Percorso 2 - Investimenti Come si scelgono i prodotti di investimento?
Come si scelgono i prodotti di investimento?
La peggiore strategia di investimento che possiamo fare è quella di investire tutto nelle azioni od obbligazioni di un solo emittente: nel peggiore dei casi, perderemo tutto il capitale investito, mentre nel migliore rinunceremo ad altre fonti di guadagno. La regola d'oro, quando si investe, è diversificare: non solo comprando lo stesso tipo di titolo da emittenti diversi, ma anche acquistando prodotti finanziari diversi tra loro.
In pratica, diversificare significa ridurre il rischio di perdere tutto il nostro denaro in una volta sola, e lo si fa investendo in prodotti finanziari diversi: ad esempio in azioni di settori e diverse regioni del mondo, o in obbligazioni con scadenze diverse, magari anche decennali o più, e anche di paesi diversi.
Da un punto di vista statistico, diversificare significa comprare titoli poco correlati o negativamente correlati tra di loro. La correlazione è un indice statistico che si può misurare in diversi modi e che serve per indicare come due grandezze «si muovono insieme», cioè quanto simili sono le loro risposte a degli eventi. Se la correlazione è pari a uno la variazione è simmetrica, mentre se è pari a meno uno è opposta. Ad esempio, il settore dei trasporti aerei è molto correlato molto strettamente a quello del petrolio.
L'obiettivo della diversificazione è di ridurre l'esposizione al rischio cercando di massimizzare i guadagni. L'idea di fondo è di assicurarsi contro il rischio specifico che un'emittente fallisca, lasciando solo il rischio di mercato, ma anche di creare una sorta di "cuscinetto" che ci permetta di investire in titoli moderatamente più rischiosi ma più redditizi. Diversificare non è semplice: per questo motivo ai meno esperti è consigliato investire nei fondi o negli ETF e di rivolgersi a dei consulenti per mettere a punto la propria strategia. Abbiamo già visto quali sono i prodotti finanziari più popolari: stavolta vogliamo capire perché potremmo volerli nel nostro portafogli.

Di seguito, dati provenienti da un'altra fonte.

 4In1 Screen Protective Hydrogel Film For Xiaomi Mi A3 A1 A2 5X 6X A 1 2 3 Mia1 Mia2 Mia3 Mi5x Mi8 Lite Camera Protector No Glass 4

I fondamentali: azioni e obbligazioni
Assieme alle obbligazioni, le azioni sono gli strumenti di cui sentiamo parlare più di frequente. Sono dei titoli che ci rendono co-proprietari di un'azienda che li emette, assieme a tutti gli altri azionisti. Questo ci dà dei diritti: votare le assemblee e ricevere i dividendi, cioè una redistribuzione di parte degli utili dell'azienda per i soli azionisti. Le azioni possono essere quotate in borsa oppure no: in questo caso, si parla di investimenti in private equity.
Di solito con le azioni si guadagna in due modi: riscuotendo i dividendi o rivendendole. Questo è possibile perché il valore delle azioni è legato all'andamento dell'industria e soprattutto alle prestazioni dell'azienda. In altre parole, se l'azienda guadagna di più i dividendi potranno essere più sostanziosi; inoltre, ci sarà una domanda maggiore per diventare azionisti e quindi si potranno vendere le azioni a prezzi più alti. Questo significa però che le azioni sono più volatili delle obbligazioni e possono provocare delle perdite improvvise, anche se temporanee. Un caso da manuale è quello di Zoom: l'azienda del popolare servizio di videochiamate è cresciuta moltissimo a causa della pandemia, ma ha perso valore in concomitanza dei progressi fatti con i vaccini per la COVID-19. Le azioni sono anche dei titoli molto liquidi e cioè si possono vendere più rapidamente di altri.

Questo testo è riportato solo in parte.